Soumya Palliyil, Christina Downham, Ian Broadbent, Keith Charlton and Andrew J Porter
University of Aberdeen, UK
Scientific Tracks Abstracts: Arch Clin Microbiol
Introduction: The human pathogen Pseudomonas aeruginosa uses a cell-density based intercellular communication system called quorum sensing (QS) to regulate virulence gene expression and pathogenic behavior within the host. In this study, immunomodulation of QS molecules by monoclonal antibodies (mAbs) was used as a novel approach to prevent P. aeruginosa infections and as tools to detect these compounds in bodily fluids as a possible first clue to an undiagnosed Gramnegative infection. Methods: Using sheep immunization and recombinant antibody technology, a panel of sheep-mouse chimeric mAbs to homoserine lactones (HSLs) was developed. Lead clones were tested in elastase and nematode slow killing assays to evaluate their quorum quenching activities and also for their ability to detect QS compounds in human urine. For survival studies in mice, lead mAbs and comparator antibiotic drugs at 10 mg/kg or vehicle-only control were co-administered with P. aeruginosa PA058 by the intranasal route with a second treatment dose 4 h post infection. Bacterial burden in the lung tissue 24h post infection and survival up to seven days was monitored. Results: Specific binding of lead mAbs to QS molecules has been demonstrated by a series of in vitro immunoassays. In the nematode slow killing assay, the survival rates of Caenorhabditis elegans increased from 15% to 60%. In a nonneutropenic lung model of mice infected with P. aeruginosa PA058, mAb monotherapy demonstrated significant efficacy, prolonging survival up to 83%. HSL mAbs also retained functional recognition of its antigen in the presence of urine with very little reduction in sensitivity observed (IC50 value 4 nM in PBS vs. 10 nM in urine). Conclusions: Antibodies are an attractive method for controlling bacterial virulence by block quorum sensing signaling as these ‘antipathogenic’ drugs are less likely to develop resistance in bacteria compared to conventional antibiotics. An immunoassay-based diagnostic system exploiting the high sensitivity of anti-QS MAbs could be developed to detect the presence of specific markers of infection (homoserine lactones, quinolones) in bodily fluids such as blood and urine.

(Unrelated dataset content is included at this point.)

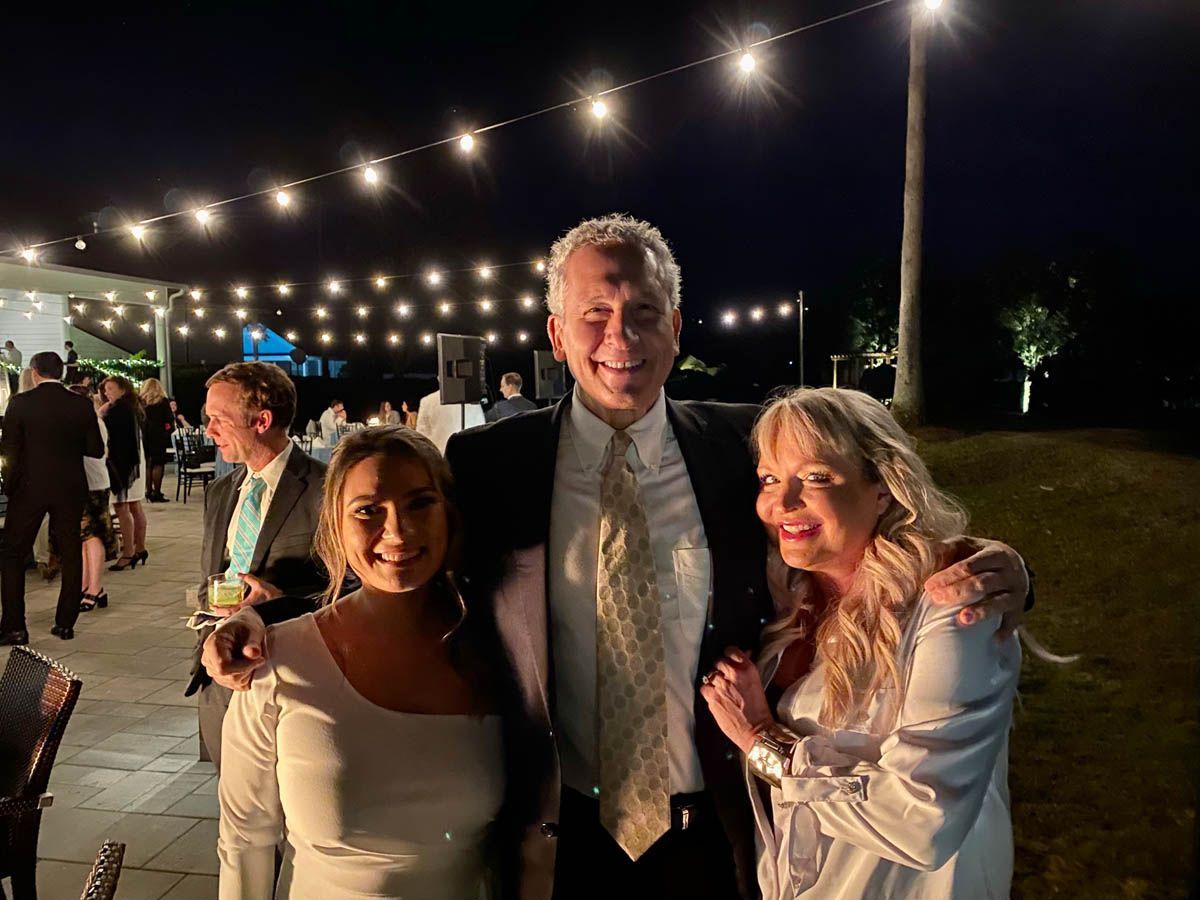 A man and two women are posing for a picture at a wedding reception.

Soumya Palliyil is the Principal Scientist and Facility Manager of the Scottish Biologics Facility (SBF), a biologic drug discovery unit which provides antibody and peptide hit generation services to academia and industry. She completed her PhD within Professor Andy Porter’s Antibody Engineering Group, University of Aberdeen and Wyeth/Pfizer Inc Protein Therapeutics Lab, Aberdeen. Utilizing the antibody engineering experience and expertise accumulated over the years, she manages a wide range of antibody based projects in the SBF including the development of antibody therapeutic candidates in areas such as cardiovascular, neurodegenerative and infectious diseases, several antibody-fragment based diagnostics in bacterial and fungal infections and in vivo imaging candidates for heart disease and fibrotic conditions of the liver, pancreas, etc. She is a recipient of the prestigious Commonwealth Scholarship and has also completed the Royal Society of Edinburgh Commercialization Fellowship.